Creating models of the intricate human brain is a daunting task, but tiny round structures assembled from brain cells demonstrate many qualities of the tissue within our skulls. Models developed in the Hoffman-Kim Lab even contain networks of miniscule vessels that resemble capillaries like those that carry blood through our brains. By constructing models that mimic the brain, scientists can better understand neurological problems and develop treatments for them more effectively.
These mini model brains were born in the Hoffman-Kim Lab: Researchers placed cells from the brains of young rats in plates where they sank and then started sticking together, eventually forming a round mass of connected cells. “It typically takes about 24 hours for the cells to form a compact spheroid, and then they’ll grow from there,” said Molly Boutin, lead author of the study and a postdoctoral fellow at the National Center for Advancing Translational Sciences.
Despite their tiny scale, these models possess many characteristics of the human brain itself. New chemical treatments rendered the models more transparent so imaging could reveal the capillary-like networks within them, Boutin said.
The presence of these networks means that the models may help researchers study neurological issues. Many neurodegenerative diseases affect the blood vessels in the brain, said Liana Kramer ’17, co-author of the paper. “It’s really important to understand what happens in all these different disease states in order to make therapeutics and treatments.”
Recovery from a stroke or head trauma is linked to the growth of blood vessels in the brain, Boutin said. Observing blood vessel development in these models after injury might also yield insight for researchers.
Studying healthy models could be productive as well. “The brain is one of the body systems that isn’t well understood yet,” Kramer said.

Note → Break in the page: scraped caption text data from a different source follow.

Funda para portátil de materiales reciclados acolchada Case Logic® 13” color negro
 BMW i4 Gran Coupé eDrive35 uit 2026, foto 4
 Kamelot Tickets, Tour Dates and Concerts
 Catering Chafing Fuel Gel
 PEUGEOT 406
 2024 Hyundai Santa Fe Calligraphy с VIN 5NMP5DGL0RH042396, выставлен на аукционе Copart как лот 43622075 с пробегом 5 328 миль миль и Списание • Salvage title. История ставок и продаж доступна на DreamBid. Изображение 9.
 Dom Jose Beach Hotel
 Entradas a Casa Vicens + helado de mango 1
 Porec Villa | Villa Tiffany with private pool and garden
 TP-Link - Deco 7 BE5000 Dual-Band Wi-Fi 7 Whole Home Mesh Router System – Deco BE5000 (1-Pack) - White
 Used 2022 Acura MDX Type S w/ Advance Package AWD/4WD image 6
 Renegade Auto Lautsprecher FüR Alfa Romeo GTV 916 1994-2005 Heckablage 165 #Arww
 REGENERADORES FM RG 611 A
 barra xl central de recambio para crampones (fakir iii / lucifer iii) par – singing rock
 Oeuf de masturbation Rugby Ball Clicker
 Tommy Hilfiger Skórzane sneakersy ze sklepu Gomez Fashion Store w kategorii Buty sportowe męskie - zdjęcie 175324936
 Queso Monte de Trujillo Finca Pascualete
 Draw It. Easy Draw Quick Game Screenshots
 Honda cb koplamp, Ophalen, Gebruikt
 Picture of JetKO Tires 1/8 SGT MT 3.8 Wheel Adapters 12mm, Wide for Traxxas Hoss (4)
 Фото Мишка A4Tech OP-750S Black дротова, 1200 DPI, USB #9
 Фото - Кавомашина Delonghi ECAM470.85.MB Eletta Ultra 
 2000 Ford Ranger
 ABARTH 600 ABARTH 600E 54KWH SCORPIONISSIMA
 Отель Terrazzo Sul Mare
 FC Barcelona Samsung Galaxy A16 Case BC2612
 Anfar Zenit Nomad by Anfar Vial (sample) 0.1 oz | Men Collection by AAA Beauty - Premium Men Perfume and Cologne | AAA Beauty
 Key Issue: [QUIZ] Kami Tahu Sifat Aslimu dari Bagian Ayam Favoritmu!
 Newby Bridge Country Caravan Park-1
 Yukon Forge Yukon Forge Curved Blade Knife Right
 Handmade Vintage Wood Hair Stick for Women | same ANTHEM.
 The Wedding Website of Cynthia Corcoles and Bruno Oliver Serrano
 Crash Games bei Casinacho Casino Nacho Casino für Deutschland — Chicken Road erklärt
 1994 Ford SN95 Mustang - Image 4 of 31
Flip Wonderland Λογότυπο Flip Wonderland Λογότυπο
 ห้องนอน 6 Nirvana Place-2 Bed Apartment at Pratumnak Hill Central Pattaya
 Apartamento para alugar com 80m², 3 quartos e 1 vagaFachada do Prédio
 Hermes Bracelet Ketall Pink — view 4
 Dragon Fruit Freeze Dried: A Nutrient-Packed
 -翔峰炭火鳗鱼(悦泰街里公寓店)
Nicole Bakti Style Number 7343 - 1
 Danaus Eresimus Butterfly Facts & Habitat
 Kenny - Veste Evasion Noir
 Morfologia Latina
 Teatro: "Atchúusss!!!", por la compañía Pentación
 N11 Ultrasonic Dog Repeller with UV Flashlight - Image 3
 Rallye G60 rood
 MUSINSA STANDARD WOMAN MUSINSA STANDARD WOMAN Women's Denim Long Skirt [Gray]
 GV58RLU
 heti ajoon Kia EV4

Compared to many commonly used models, these structures have more in common with actual human brains. Instead of using just neurons, they include multiple cell types. Boutin said that the way these cells interact still eludes scientists, but studying them together will better illustrate what happens in the brain.
Scientists could feasibly use these models to test new therapies for neurological diseases. About 90 percent of drugs fail clinical trials, according to a study published in the journal Nature. “There’s obviously something wrong with that,” Boutin said. The cell-based models used to test drugs are one piece of that process. Models that do not reflect the operations of the body might show drugs failing when they could help real patients.
No drug for Alzheimer’s disease has passed clinical trials, for example. There are “many arguments for why they failed, but one is that human brains are different from animal brains,” said Hansang Cho, assistant professor of mechanical engineering and engineering science at The University of North Carolina. If scientists could build accurate models of human brains, they could provide more accurate drug testing.
Two-dimensional brain models — cells plated on glass or plastic chips — are still commonly used in research and testing. But “that’s not what my body is like, so it makes sense that the cells don’t want to behave the way that they do in my body,” Boutin said.
“A lot of the neuro-research is pretty slow in its development, and a lot of that is because of the platforms that are used,” Kramer said. These brain models, which can be produced in great quantities, have the potential to accelerate research.
“Fortunately, there is a resurgence of interest in 3D models,” said Damir Janigro, scientific director of Flocel Inc., a company whose mission is to develop a model for drug testing that better reproduces the behavior of the blood-brain barrier.
The models produced by University researchers still cannot imitate the brain perfectly. Unlike a normal brain, no fluid flows through the mini models, which means they cannot demonstrate the distribution of materials. And they lack many components of the membrane separating blood from the brain, Janigro said.
Through collaboration with other researchers, the lab hopes to create a device that would allow fluid to flow through the networks and tissues. The same process they used here could be applied to human cells, Kramer said, which would create models more similar to human brains. “There’s a lot of different directions we can take this,” she added.